Possiamo giudicare la Section d’Or come uno dei primi tentativi di ibridazione tra sensibilità artistiche di varia ispirazione volte ad indagare sul reale fenomenico in termini che si differenziano dalla riproduzione pedissequamente realistica del dato.
Nel corso degli anni che precedono lo scoppio della prima guerra mondiale, unitamente col fervore creativo che animava il periodo che segnava gli ultimi ansiti di una cultura di effervescenza propositiva, sottilmente animata ancora da irriducibili istanze simbolistiche, si sviluppa una ricerca artistica che trae partito da premesse che potremmo anche definire tardoimpressioniste, come quella di Cezanne, che, in fondo, si era interrogato se non potesse essere possibile procedere ad ampliare l’esperienza avviata da Monet, integrandola ed arricchendola con un intervento di scomposizione dell’immagine nei suoi costituenti volumetrici primari e di base.
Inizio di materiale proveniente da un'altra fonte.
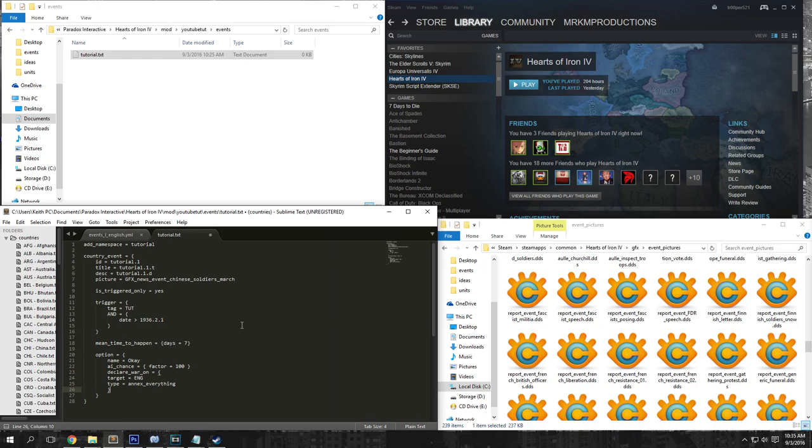And this is it — this is the event. So basically just a little rundown: we have our namespace, our event, we have the ID so tutorial.1, our title tutorial.1.t, description, picture, and what our triggers are — when it will happen, how far after the triggers are true it will happen. And our option here — so what happens when you press the button. So if we go ahead and save that, we're going to have to do one more thing.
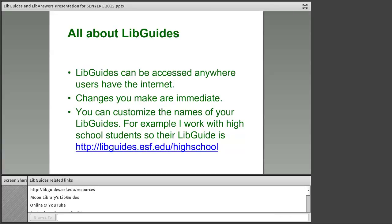We were able to customize our URL — you can see it there: libguides.esf.edu/resources. When you go on with LibGuides, LibAnswers, or LibAnalytics, you can customize what your URL looks like, which is really handy when giving it out to people. LibGuides can be accessed anywhere you have internet, and the changes that you make are immediate. What I really like is that you can customize the name of your LibGuide — I mentioned we use it for a lot of outreach and guest lectures, so I can give students this LibGuide link and anywhere they have internet, they can use it to continue their research.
Cezanne, anticipatore della temperie cubista, produsse, in ispecie, delle prove figurative, molto significative e rese con insistita sperimentazione, della montagna di Sainte Victoire, che testimoniano della sua volontà di indagare sulla possibilità che si sarebbe offerta di esaminare uno stesso soggetto studiandone le molteplici opportunità di una sua lettura ‘volumetrica’ che sarebbe potuta emergere dalla sua scomposizione in parti.
Monet aveva fatto qualcosa di analogo, procedendo, come Cezanne, ad insistere sulla ripetizione seriale di un unico soggetto, ma con una differenza radicale: anche Monet, infatti, ripeterà la sua raffigurazione della Cattedrale di Rouen in numerosissime ‘repliche’, come fa Cézanne per Sainte Victoire, ma tra i due la dirimente è decisiva, giacché, mentre in Monet la scelta è quella di considerare lo stesso soggetto in varie ore della giornata, in Cézanne la scelta è di osservare la ‘stessa’ montagna ma non in ore diverse, bensì secondo contestualizzazioni ambientali diverse.
Nel primo caso la ‘differenza’ è temporale, nel secondo nettamente ‘spaziale’.
Questa differenza temporo-spaziale costituisce, a nostro sommesso giudizio, la dissomiglianza radicale che definisce ‘anche’ un’altra dirimente: quella tra Astrattismo e Cubismo, dal momento che, mentre il primo, l’Astrattismo, provvede ad intervenire ‘analiticamente’ sulle cose, il Cubismo interviene su di esse, invece, ‘scompositivamente’.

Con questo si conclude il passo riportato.